Apple seems to have broken free from the ghost of MobileMe.
Showing that RIM won't be the only company to make a go of a private messaging service on handsets, Apple has claimed strong adoption of iMessage, with 100 million users sending 26 billion messages since its launch
last summer. Those users will now be able to include Macs in their secure multimedia chit-chat using Messages, which represents the other shoe dropping on FaceTime / iChat. Despite FaceTime taking over video chat duties for Messages, multiparty chat will continue to be supported in Mountain Lion.
Much as Documents in the Cloud competes with the more ubiquitous Dropbox, Notes – which syncs with the iOS app of the same name – competes with Web-app hybrids such as Springpad, Catch and, in particular, Evernote. Just like Documents in the Cloud, though, Notes will be limited to OS X and iOS, whereas those competing apps are available on more platforms, and in the browser.

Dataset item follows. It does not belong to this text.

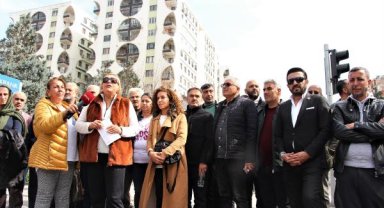 Ağır hasarlı Galeria Sitesi sakinleri, eşyalarını almak için toplandı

As iOS game owners well know, Apple's Game Center is one of two main options available for services such as leaderboards, achievements and matchmaking, the other being OpenFeint. The arrival of Game Center on the Mac resurrects the old challenges that XBox Live created when it expanded from its namesake console to the PC, where players had an advantage in certain kinds of games due to the more expansive controls available on that platform. Things may be a bit more evenly matched on Apple's platforms, though, where the multitouch screen could lend the iPad some advantages in casual gaming.
While notifications have long since been standard in Windows, Mac users have primarily relied on a third-party utility called Growl for their ambient pop-ups. Mountain Lion's approach is kind of a mashup between Growl- and iOS-style notifications, with a two-finger trackpad gesture allowing you to swipe from the right to open notifications. Suffice to say, OS-level support for notifications should lead to broader adoption.
Perhaps the most controversial aspect of Mountain Lion is Gatekeeper, which separates Mac apps into three tiers: those available via the app store, those distributed via registered developers and then, everything else. The feature is somewhat akin to Android in that it allows uses to install apps exclusively from known sources, but it provides an additional degree of granularity. On one hand, Gatekeeper shows Apple's commitment to keeping the Mac platform open, with multiple means of distribution even as it advocates distribution via its own app store. On the other hand, some may bristle at the notion of Apple offering additional controls over apps distributed outside the App Store, even in the name of raising the barriers to malware.
While most of Mountain Lion's new features benefit from being tailored for the Mac, the advantages are minimal in the case of Reminders. Unlike its iPhone counterpart, which can be programmed to be location-aware, Macs are relatively sedentary. On the other hand, many users still spend a good chunk of their work day engaged with their computer's screen, and iCloud syncing iOS and OS X apps should lessen the need to have to pull out an iPhone just to set a reminder. That said, Apple hasn't said anything about the availability of Siri on Macs, which means entering those reminders is still arguably easier on the go.
All told, Mountain Lion is looking like a more typical operating system update with some new capabilities, stronger cloud ties and features ported over from its own platforms (as well as others). All told, it's not the kind of user interface road-bending we saw with Lion, but it's also not the swerve that is Windows 8's Metro experience.